Deputy Interior Minister Ali Asghar Ahmadi told journalists in a televised news conference that more than 40 million Iranians voted in Friday’s election. That puts turnout above 70 percent.
The strong margin for Rouhani may be enough to give him an outright victory and avoid a two-person runoff next Friday. In 2013, Rouhani won the presidential election with nearly 51 percent of the vote. Turnout for that vote was 73 percent.
Election officials repeatedly extended voting hours until midnight to accommodate long lines of voters, some of whom said they waited hours to cast their ballots.
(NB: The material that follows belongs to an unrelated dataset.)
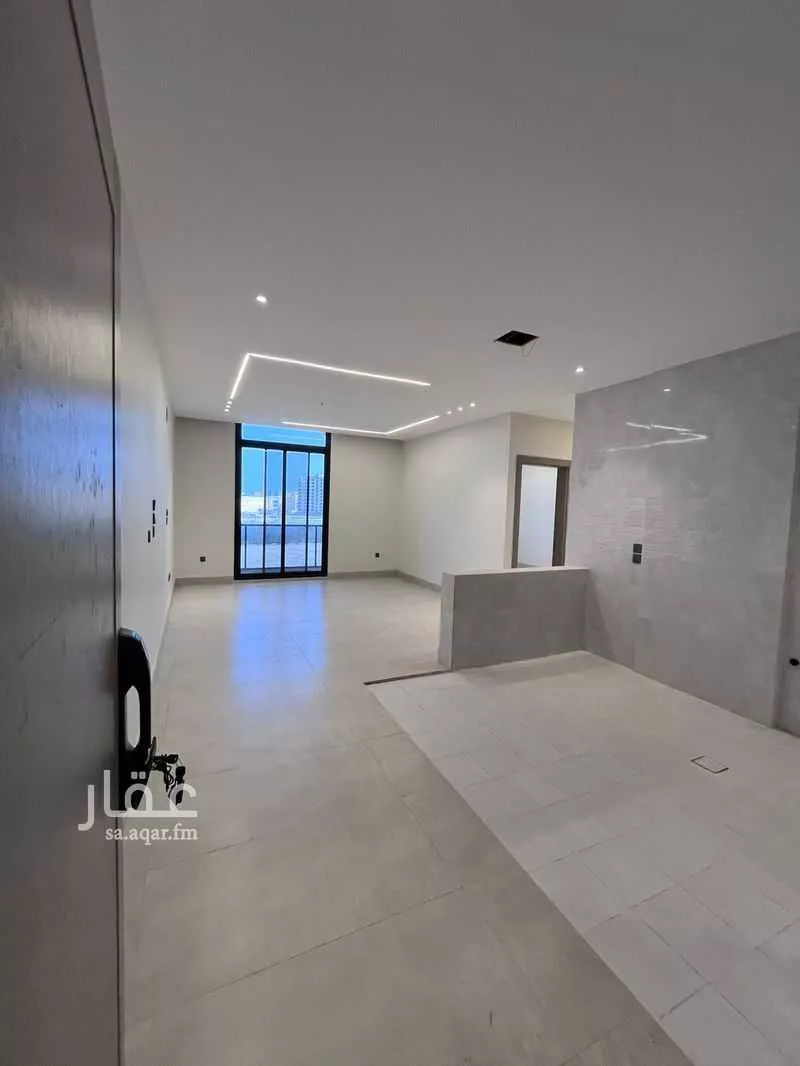 شقة 4 غرف في الحمرا 23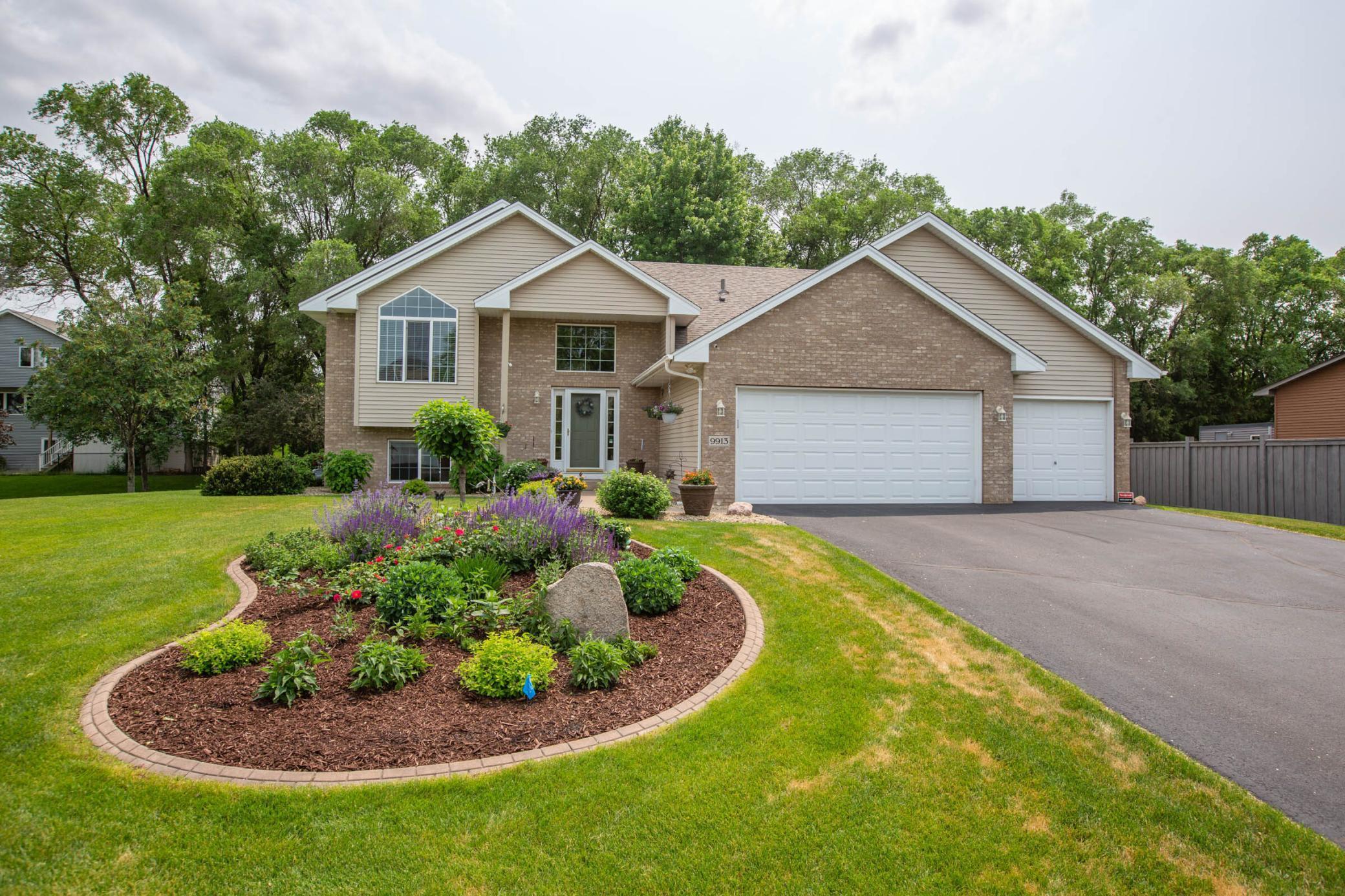 View of Residential at 9913 Oakwood Court, Brooklyn Park MN 55443, Brooklyn Park - Mike Wilen | Minnesota Team Real Estate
Friday’s vote was largely a referendum on Rouhani’s more moderate political policies, which paved the way for the landmark 2015 nuclear deal that won Iran relief from some sanctions in exchange for curbs on its nuclear program.
The 68-year-old has come to embody more liberal and reform-minded Iranians’ hopes for greater political freedom at home and better relations with the outside world.
Preliminary vote tallies have him ahead with 14.6 million votes, out of 25.1 million counted so far.
His nearest challenger is hard-line cleric Ebrahim Raisi, with 10.1 million votes.
The two other candidates left in the race, Mostafa Mirsalim, a former culture minister, and Mostafa Hashemitaba, a pro-reform figure who previously ran for president in 2001, respectively have 297,000 and 139,000 votes each.
Iran has no credible political polling to serve as harder metrics for the street buzz around candidates, who need more than 50 percent of the vote to seal victory and avoid a runoff.
Iran’s president is the second-most powerful figure within Iran’s political system. He is subordinate to the country’s supreme leader, who is chosen by a clerical panel and has the ultimate say over all matters of state.
It is still a powerful post. The president oversees a vast state bureaucracy employing more than 2 million people, is charged with naming Cabinet members and other officials to key posts, and plays a significant role in shaping both domestic and foreign policy.
All candidates for elected office must be vetted, a process that excludes anyone calling for radical change, along with most reformists. No woman has ever been approved to run for president.
Ahmadi said the Interior Ministry hopes to have final results later Saturday.